Yellow, red and orange goods are a three-part classification for consumer goods which is based on consumer buying habits, the durability of the goods, and the ways that the goods are sold. The classifications are for yellow goods, red goods, and orange goods, with orange goods being goods that have a mix of yellow and red characteristics. The classification of goods into yellow, red, and orange categories is roughly equivalent to the categories of shopping goods, convenience goods, and specialty goods.

Yellow goods
Yellow goods (also called "shopping goods" or "white goods") are durable consumer items such as large household appliances that have a long period of useful life, and which are replaced rarely. While yellow goods are sold in low volumes, they have high profit margins. Yellow goods have a higher unit value than convenience goods and people buy them less often; as such consumers spend more time comparison shopping for yellow goods than for red goods. As well, there is a much greater role for personal selling (from salespeople) for yellow goods than for red goods, and there is more selective distribution of yellow goods. Yellow goods often need to be adjusted or customized by the store before they are delivered to the customer. 

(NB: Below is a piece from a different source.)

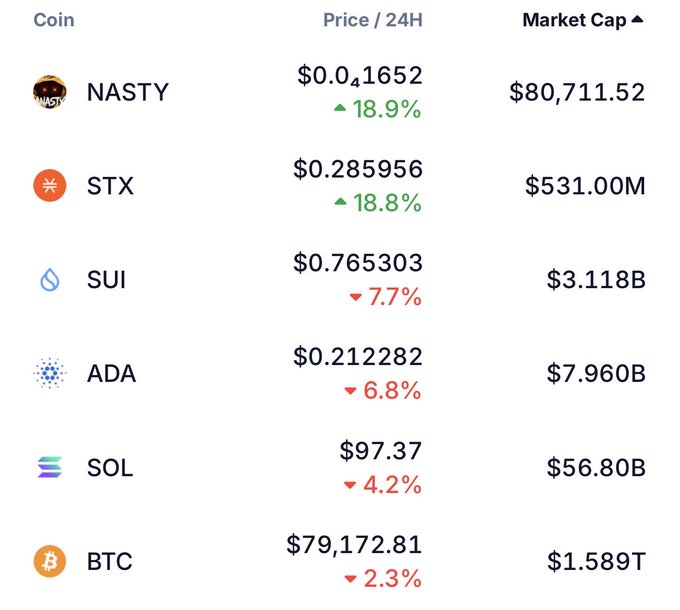 A cryptocurrency price tracker shows several coins including NASTY at $0.041652 (+18.9%), STX at $0.285956 (+18.8%), SUI at $0.765303 (-7.7%), ADA at $0.212282 (-6.8%), SOL at $97.37 (-4.2%), and BTC at $79,172.81 (-2.3%) with their market caps.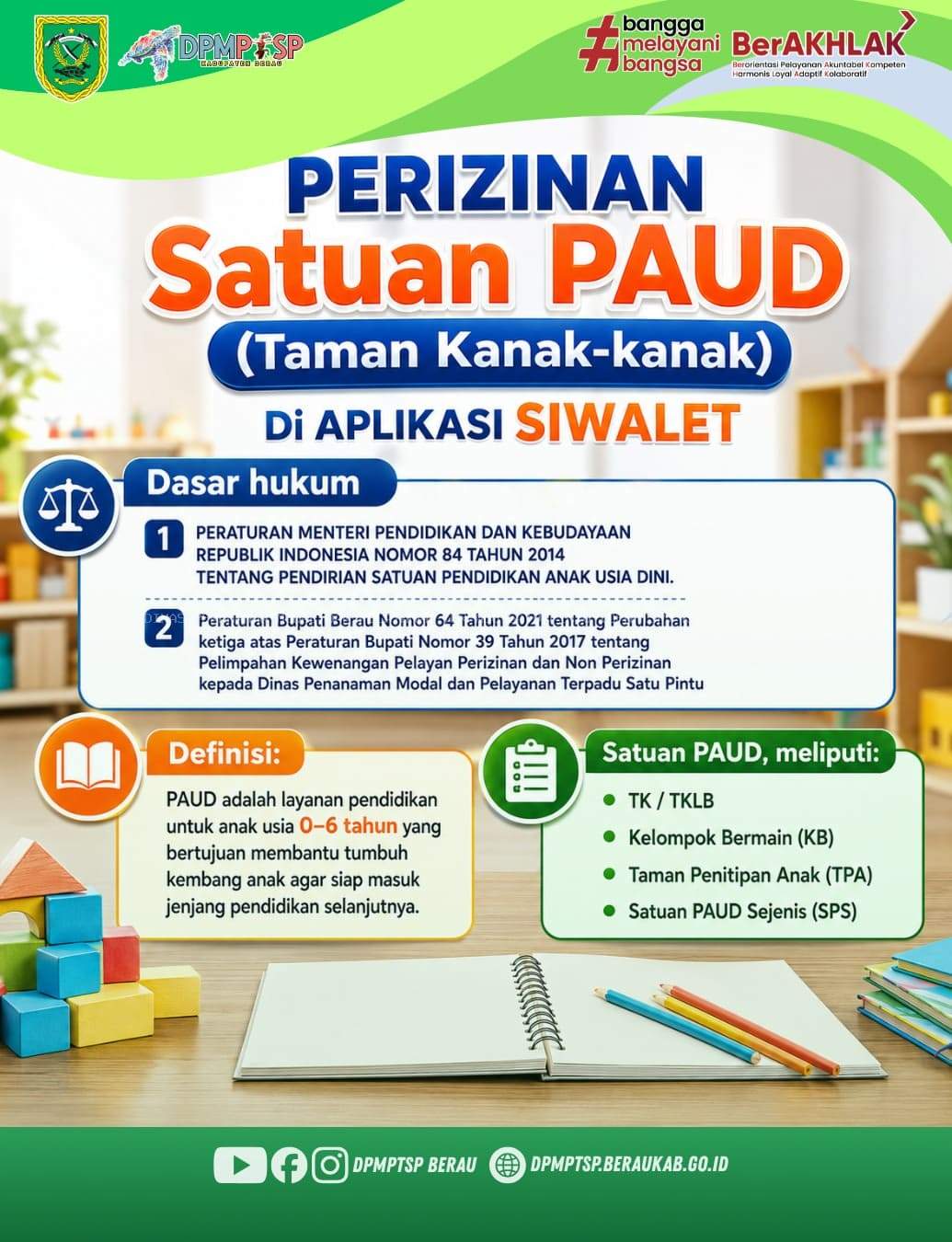 Perijinan Satuan PAUD (taman kanak-kanak) di aplikasi SIWALET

The consumer goods term "yellow goods" is different from the construction and agricultural industry term of the same name, which refers to bulldozers, tractors, and similar equipment.

Red goods
Red goods (also called "convenience goods") such as food are consumed completely when the consumer uses them; as a result, they are replaced frequently and sold in high volumes. Red goods have low profit margins. Red goods need heavy advertising and competitive pricing, along with a well-developed selling organization to manage the widespread and numerous points of sale. As red goods are widely available through a wide distribution network, consumers do not have to spend much time searching for them.

Orange goods
Orange goods (also called "specialty goods") are moderately durable goods that wear out with regular use and have to be replaced, such as clothing. Orange goods are unique, so consumers need to make more effort to acquire these items; as such exclusive distributor arrangements and franchises are often used to sell them.